- [TASK INSTRUCTIONS] Please begin with the line containing "Billet, Allemagne, 500" and reproduce each line exactly until the records below end, without any pictures.

Captioned web images

○ ○ ○ ○ ○ ○ ○

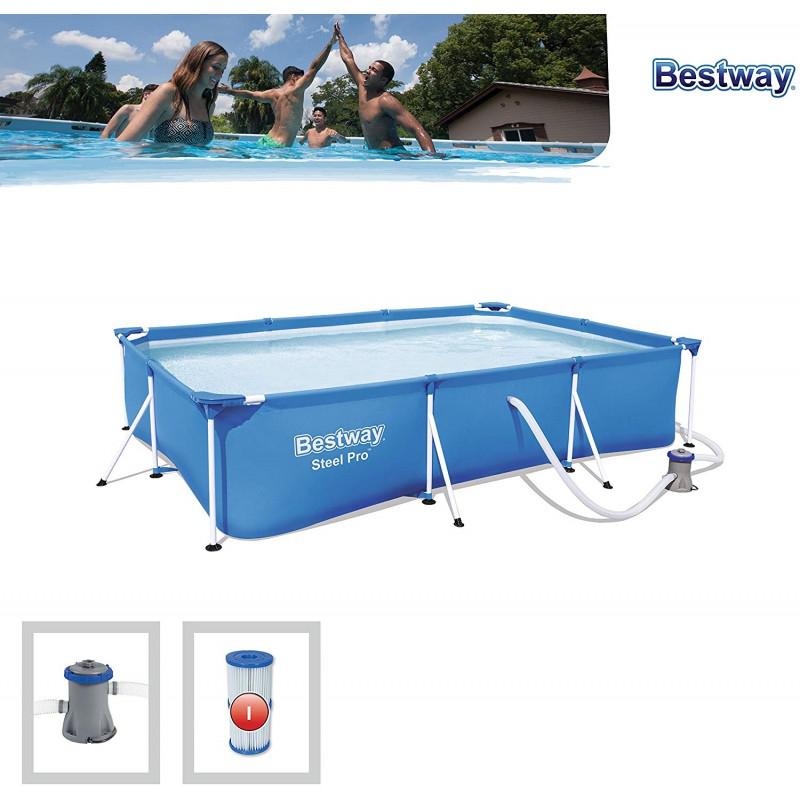 PISCINA C/STRUT.+POMPA 300X201X66CM ART.56411 PISCINA C/STRUT.+POMPA 300X201X66CM ART.56411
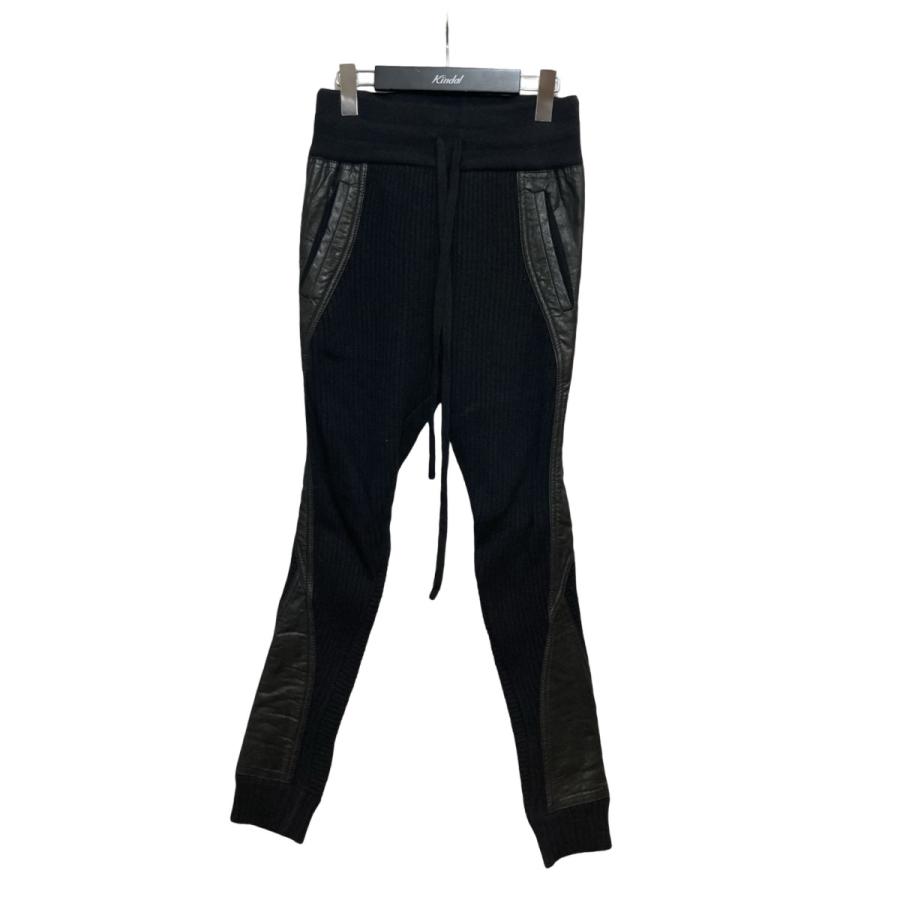 ハイダー・アッカーマン HAIDER ACKERMANN レザー切替ニットパンツ 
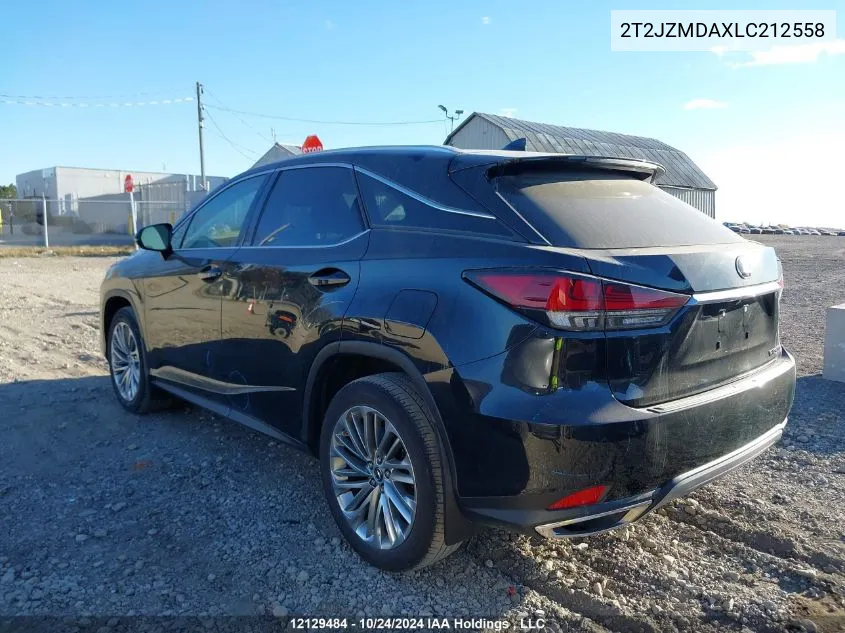 2020 Lexus Rx 350 VIN: 2T2JZMDAXLC212558 Lot: 12129484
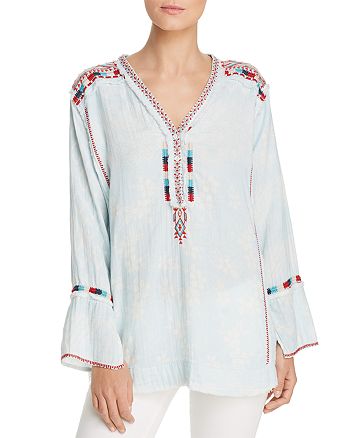 Johnny Was Moby Printed Gauze Blouse | Bloomingdale's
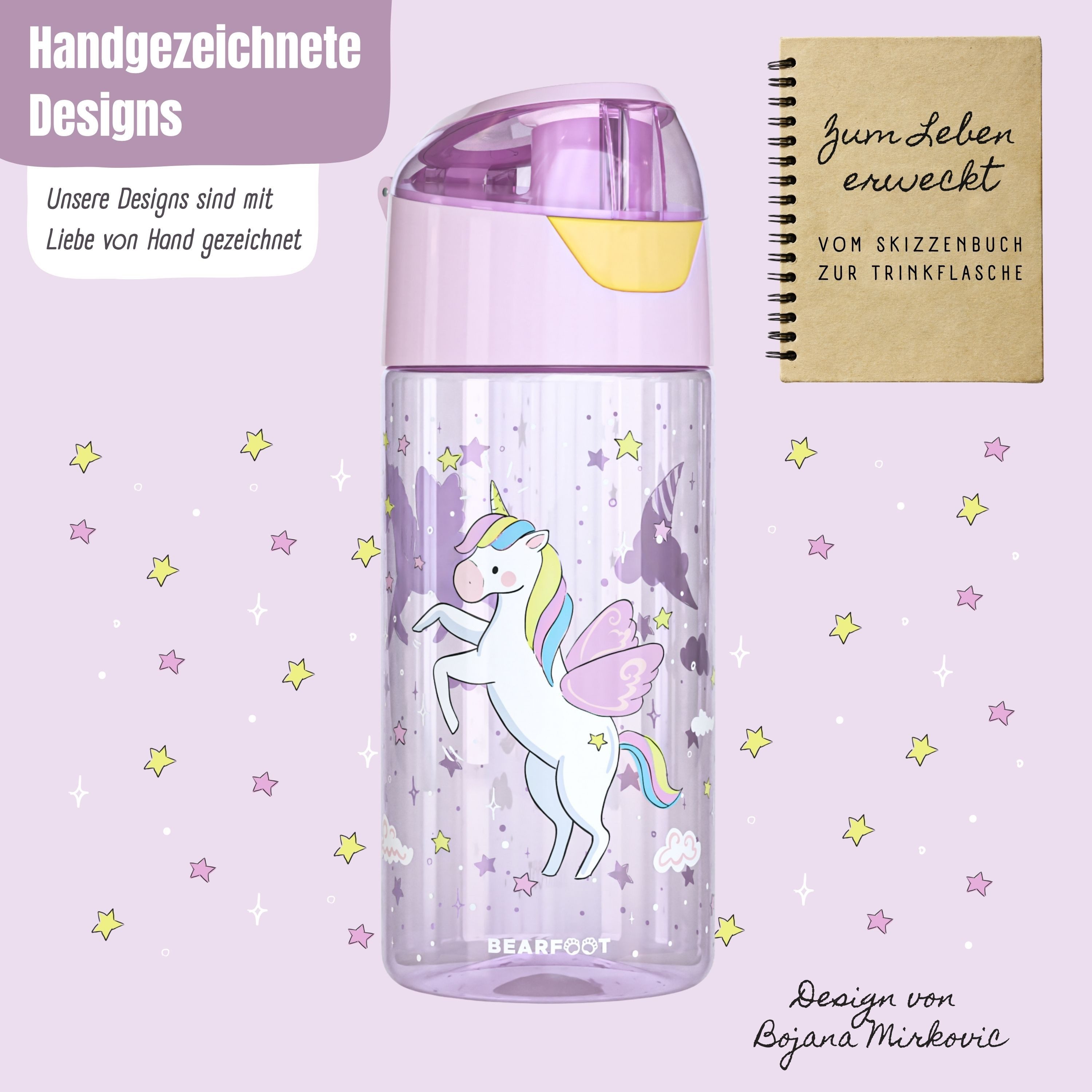 BEARFOOT Trinkflasche Trinkflasche Kinder, leichte Wasserflasche - Einhorn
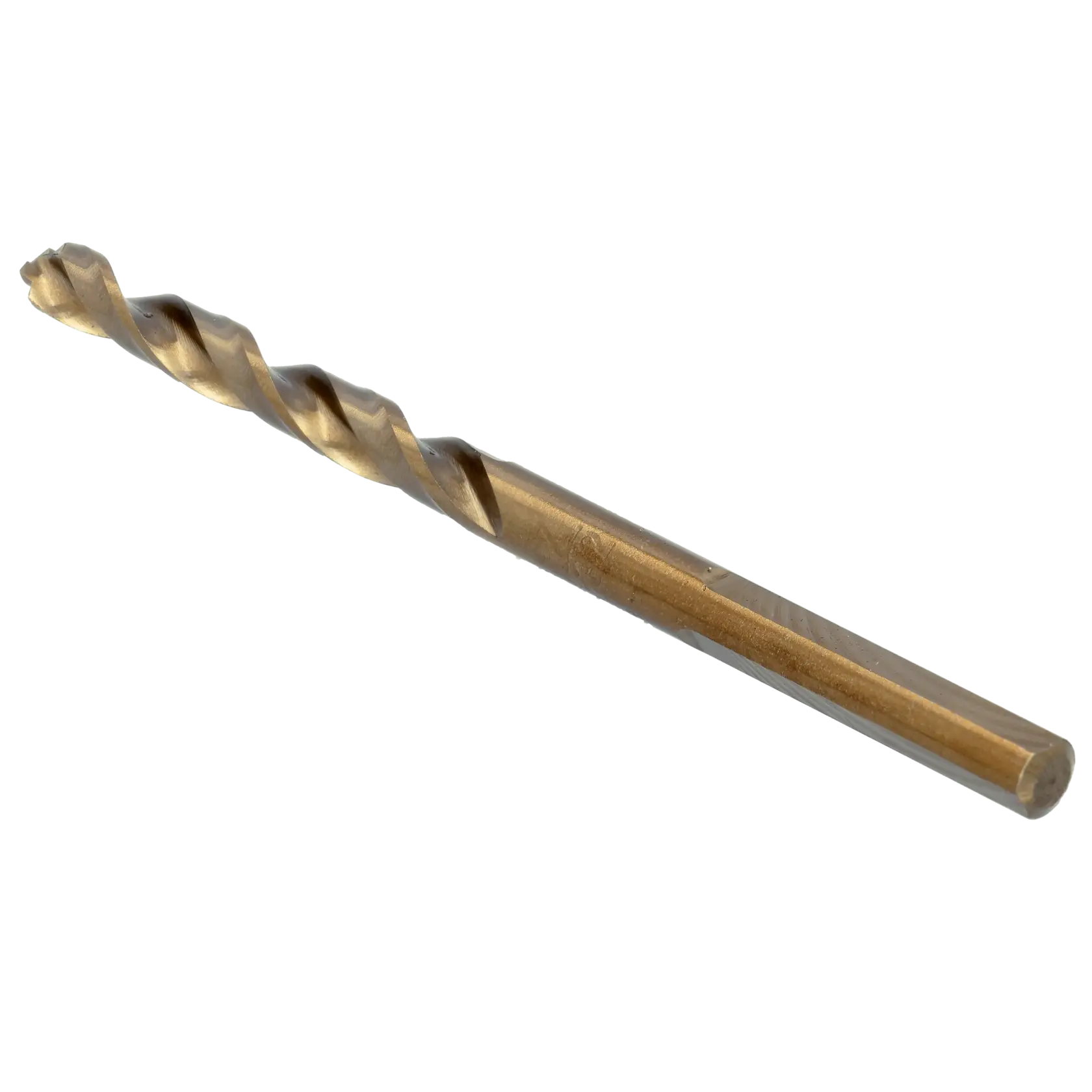 A close-up image of a metallic drill bit with a spiral design, used for drilling holes in materials.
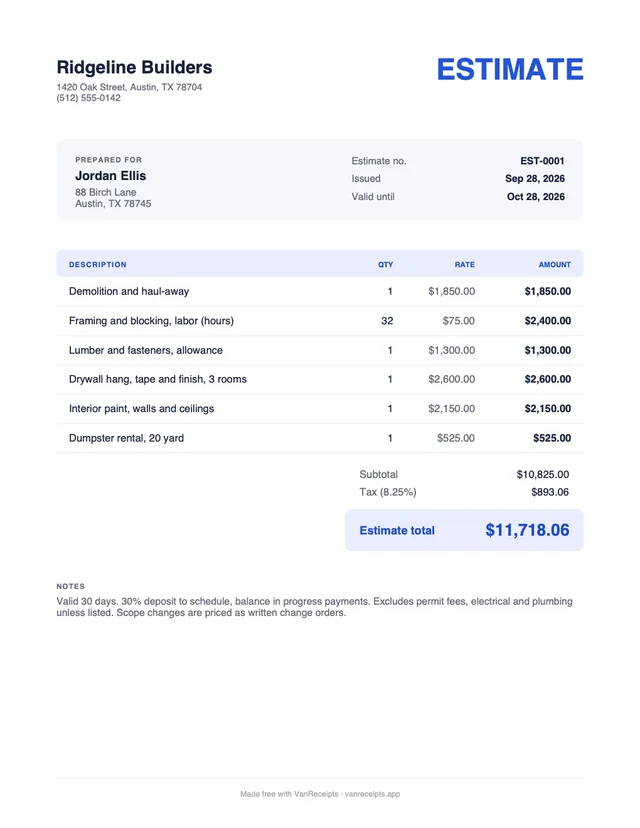 Contractor estimate template in the Classic design, filled with a sample job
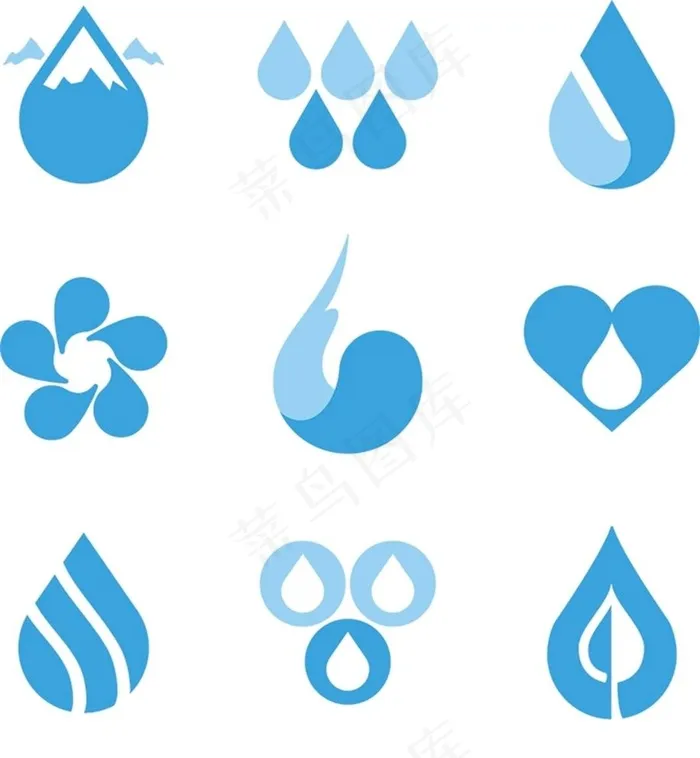 水珠图标设计图片ai矢量模版下载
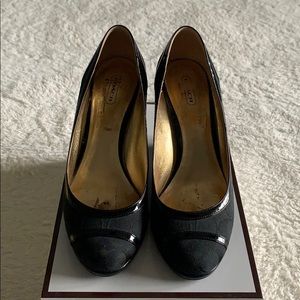 Coach Black Signature Canvas Wedges Heels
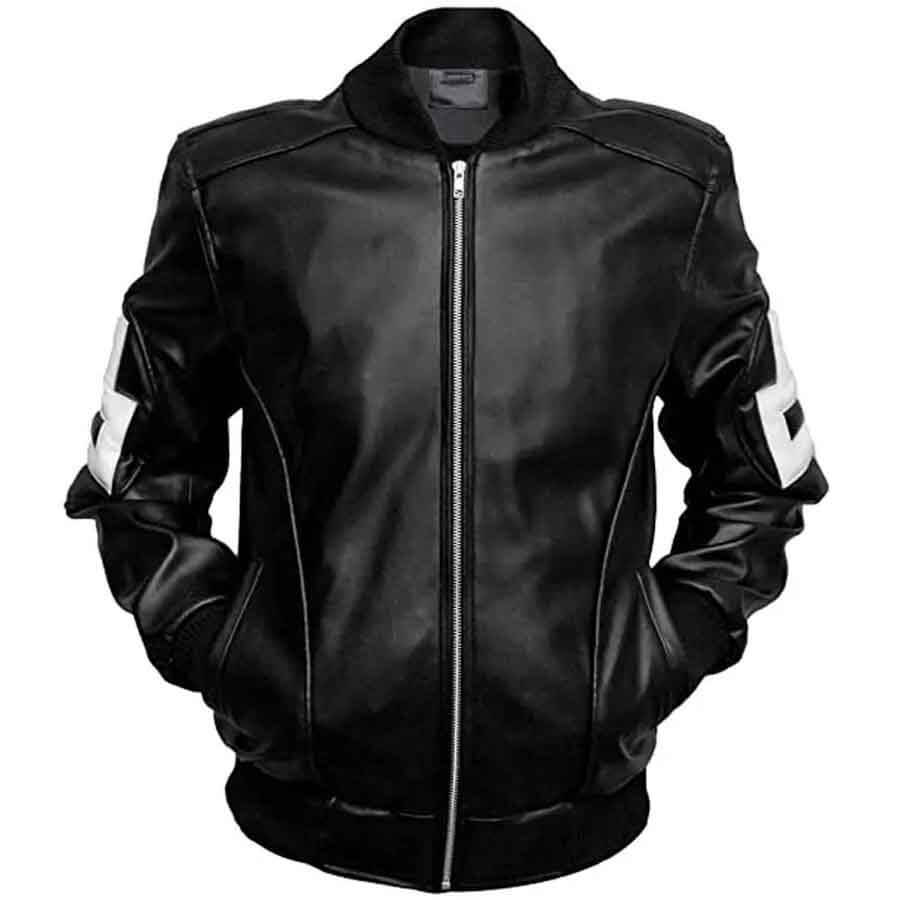 8 Ball Classic Black Leather Bomber Jacket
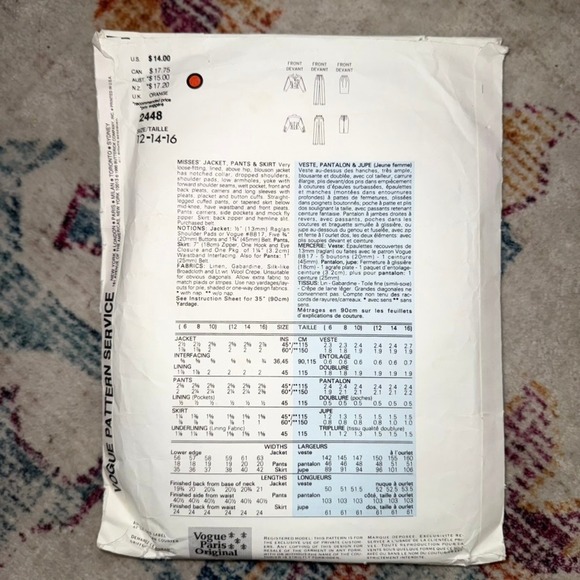 Set of 2 80s Vogue Christian Dior 2108 2448 Pattern Jacket Pants Skirt sz12-16 - Picture 6 of 8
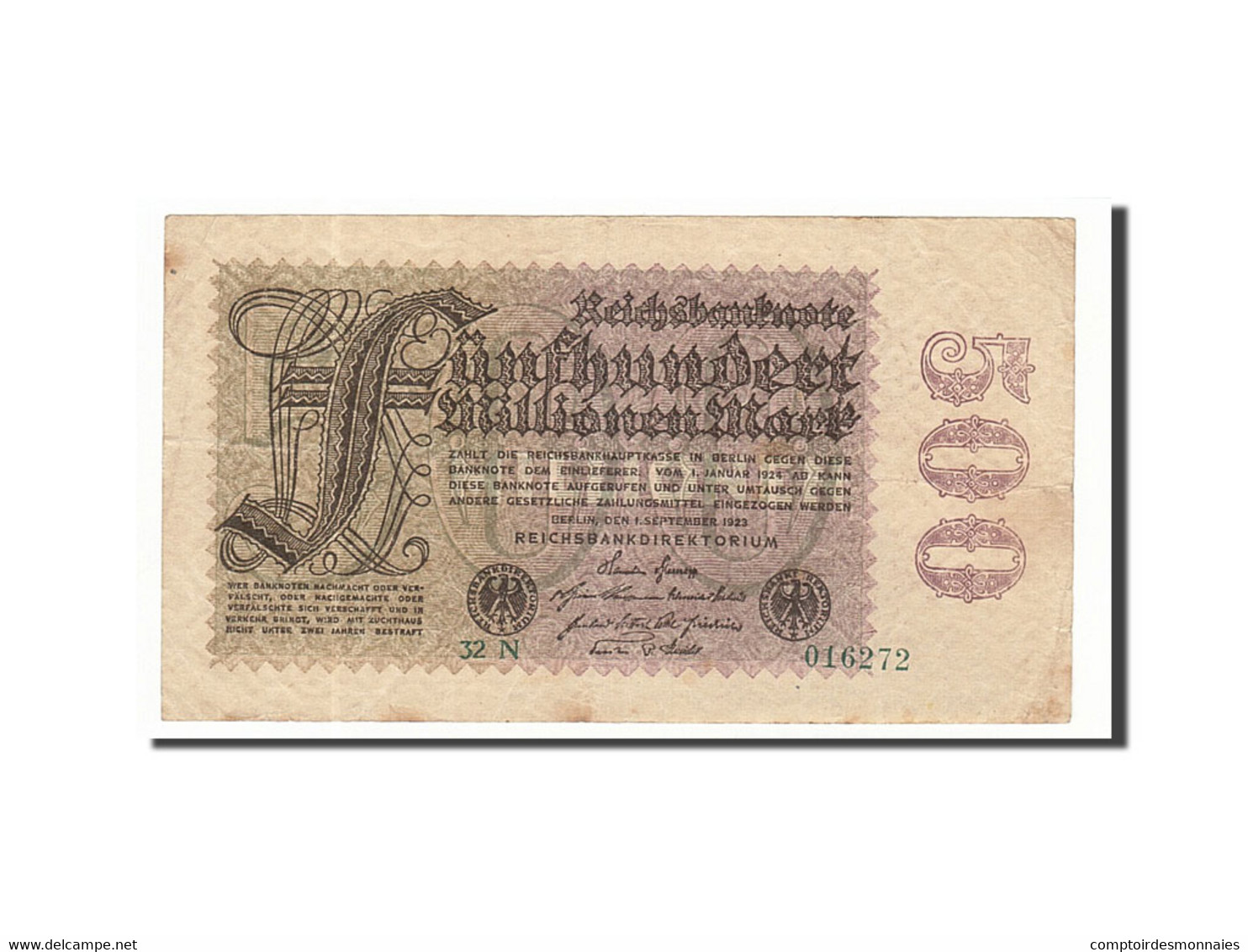 Billet, Allemagne, 500 Millionen Mark, 1923, 1923-09-01, KM:110b, TTB - 500 Millionen Mark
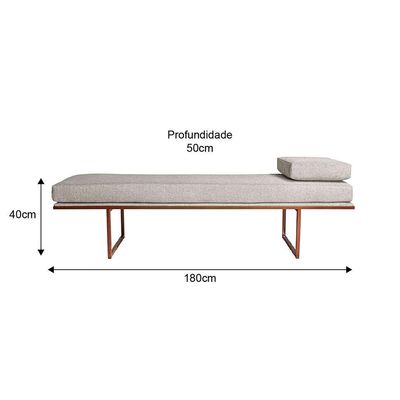 Banco 3 Lugares Galli Linho Bege e Dourado 180 cm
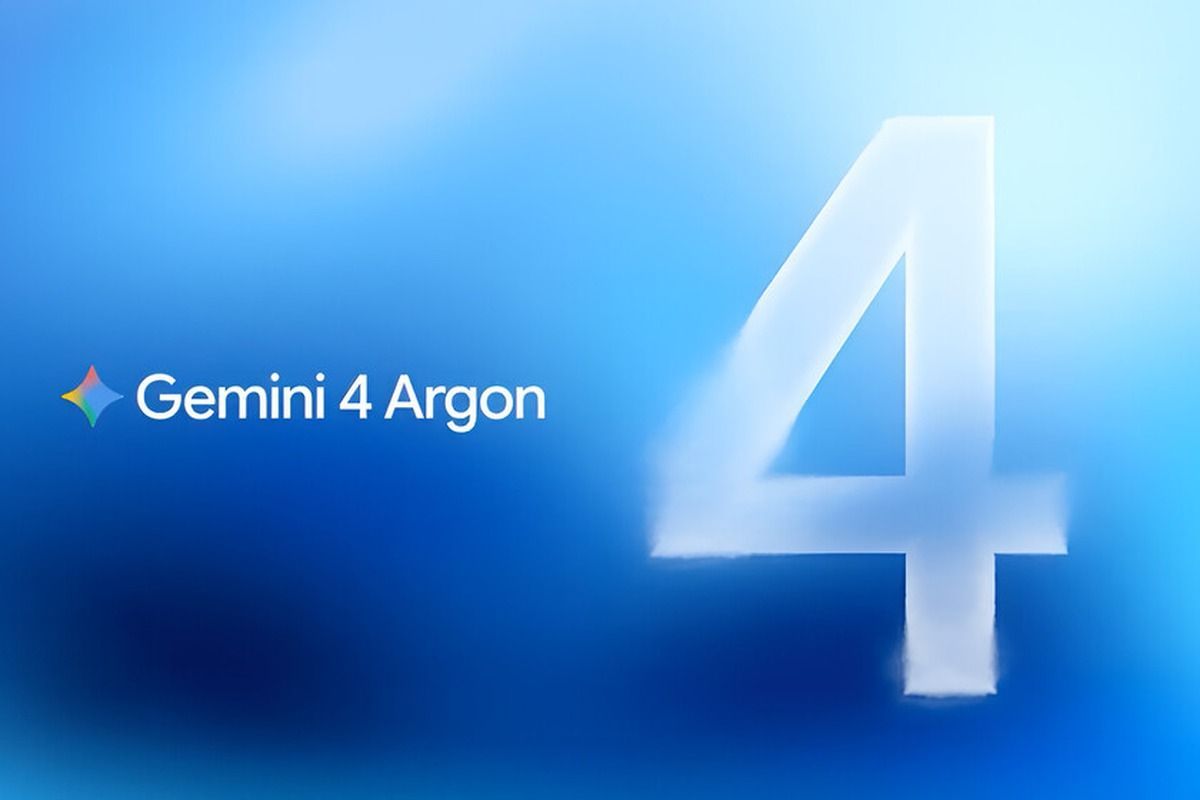 Fondo azul degradado con el logo de Gemini y el texto Gemini 4 Argon a la izquierda y un número 4 grande y difuso, en blanco, a la derecha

○ ○ ○ ○ ○ ○ ○

- [ANSWER SPACE]
 Billet, Allemagne, 500 Millionen Mark, 1923, 1923-09-01, KM:110b, TTB - 500 Millionen Mark
 Banco 3 Lugares Galli Linho Bege e Dourado 180 cm
 Fondo azul degradado con el logo de Gemini y el texto Gemini 4 Argon a la izquierda y un número 4 grande y difuso, en blanco, a la derecha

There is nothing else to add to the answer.